[Opening SUPPLIED RECORDS section]

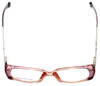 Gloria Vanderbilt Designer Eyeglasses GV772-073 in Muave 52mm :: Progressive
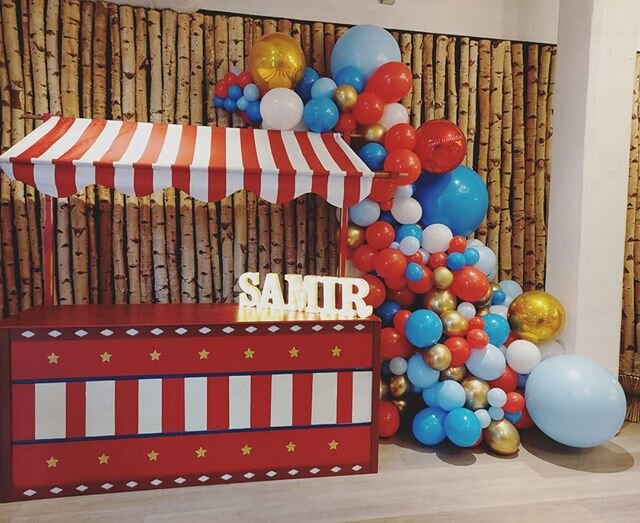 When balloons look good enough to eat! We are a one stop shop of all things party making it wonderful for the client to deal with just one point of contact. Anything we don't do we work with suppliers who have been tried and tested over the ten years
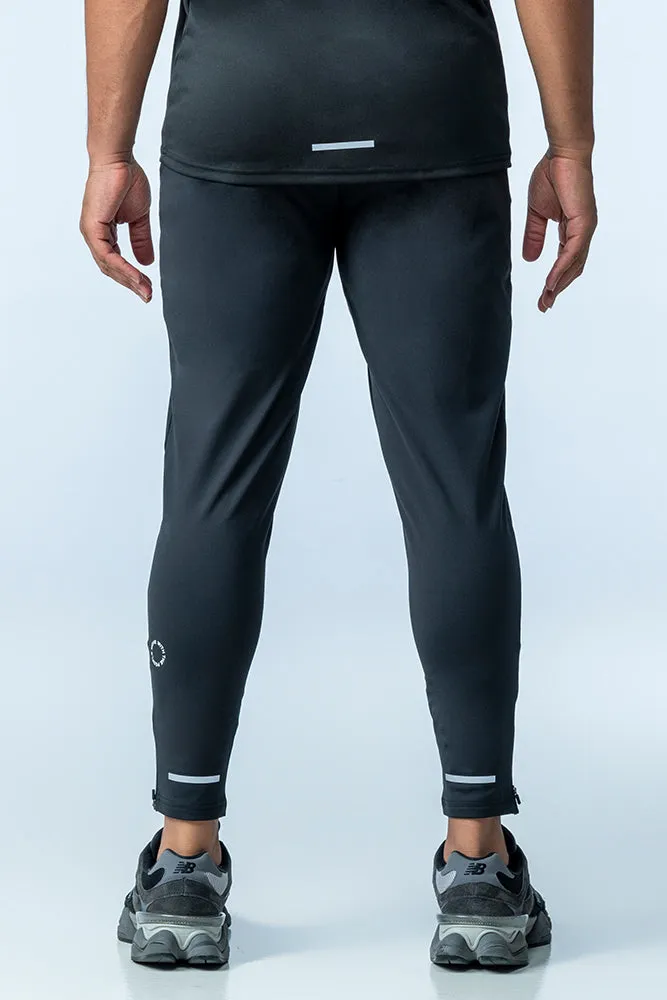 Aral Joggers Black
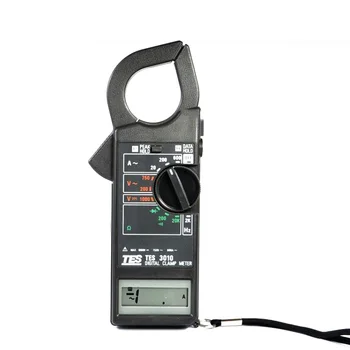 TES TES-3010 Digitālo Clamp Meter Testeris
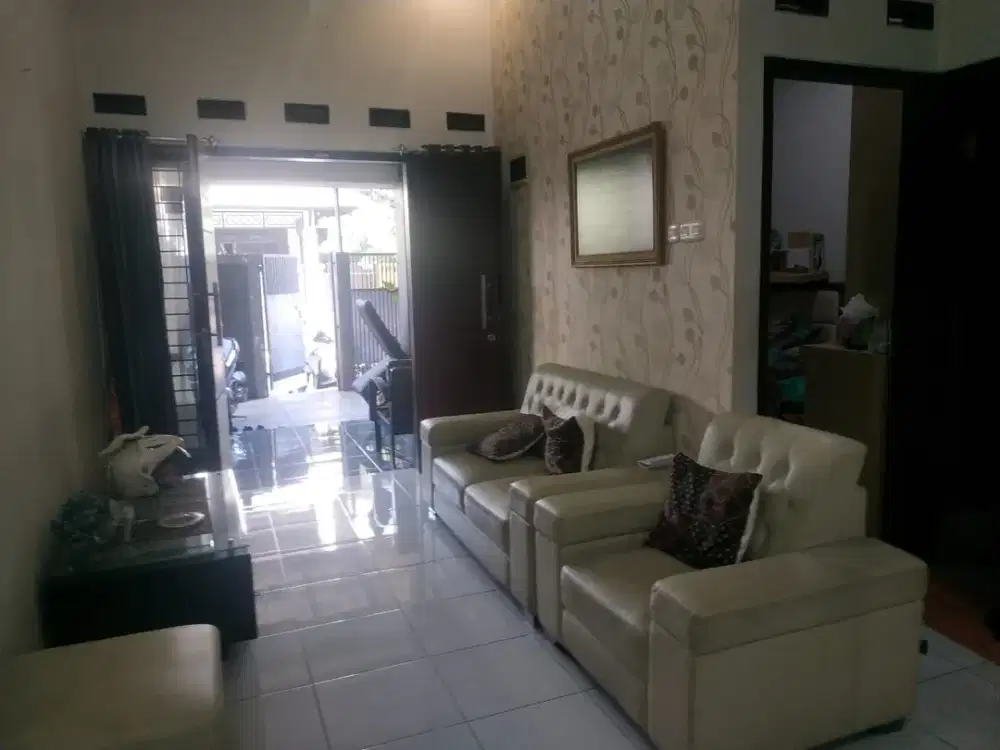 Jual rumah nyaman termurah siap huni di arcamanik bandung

[Closing SUPPLIED RECORDS section]

» **DESCRIPTION OF THE TASK**
Could you reproduce the entries verbatim, leaving out all pictures?

» **ANSWER TO THE EXERCISE**
 Gloria Vanderbilt Designer Eyeglasses GV772-073 in Muave 52mm :: Progressive
 When balloons look good enough to eat! We are a one stop shop of all things party making it wonderful for the client to deal with just one point of contact. Anything we don't do we work with suppliers who have been tried and tested over the ten years
 Aral Joggers Black
 TES TES-3010 Digitālo Clamp Meter Testeris
 Jual rumah nyaman termurah siap huni di arcamanik bandung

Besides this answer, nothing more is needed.